Society skimmers skim over the top of life. Flying by the seat of their pants. Reactive rather than proactive. Experience a lot of surface emotions and rarely make time to dive deep.
Without a deep dive on a fairly consistent basis, we can never expect to avoid crises.
Without deliberate mooring of our personal values, our defaults will be whatever others suggest.
There’s no strategy.
There’s no intentional forward movement.
There’s no clear vision of who you are in the future.
Since World War II, the machine we call public relations has been pumping out advertisements with the single intention of convincing us that our wants are really needs.
And it’s working.
On an average day, we see upwards of 4,000 ads. We can’t make a decision on each one, and we are often fatigued, so instead of taking time to determine our defaults, we let society set them for us.
Leadership is no different. Leaders are presented with an average of 35,000 decisions a day. This is in addition to the ads and personal decisions.
Leader, if you feel tired, it’s for good reason.
Because we have so much leaning on our decisions, we too often let defaults make decisions for us.
Defaults are necessary for survival. However, societal defaults can never be good all the time.
Good defaults coincide with personal values.
Leaders who do not make time to set personal defaults driven by internal values will always be in a crisis.
What’s the crisis? Making poor decisions.
Take a look at this logic backed by research (https://www.psycom.net/cognitive-dissonance).
If society matches your personal values, then not taking time to formulate your own defaults isn’t an issue.

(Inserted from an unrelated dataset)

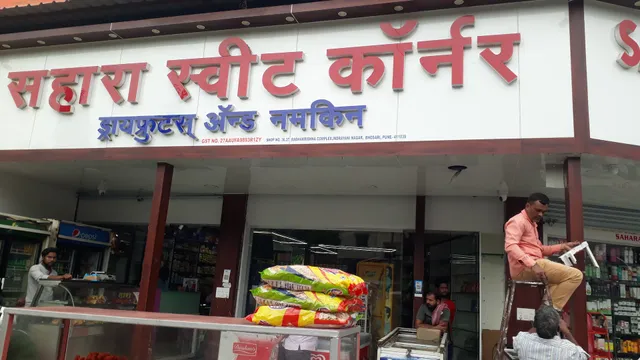 Sahara Sweets Corner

However, I venture to guess that very few of us completely agree with society in every aspect.
Statistically, each of us differs from societal norms on at least a few things.
If you differ from society and yet you allow societal defaults to make decisions for you, you are welcoming cognitive dissonance.
Cognitive dissonance creates anxiety, discomfort, and stress.
Like we need more of that in our lives.
If enough cognitive dissonance builds up we become worse at decision-making.
So, because we are tired of making decisions, we let society’s defaults make decisions for us; these decisions don’t always match our personal values and cognitive dissonance compounds. As the dissonance grows, we make worse decisions.
Ironic, isn’t it?
To avoid the crisis of becoming consistently bad decision-makers, we must:
Know our personal values
Set defaults based on personal values
By the way, cognitive dissonance not only causes conflict and confusion internally, but also negatively affects our relationships.
We cannot be WITH when experiencing cognitive dissonance.
While we may perceive it's easier to go with the suggested default, in the long run it's the first bad decision that promises more bad decisions.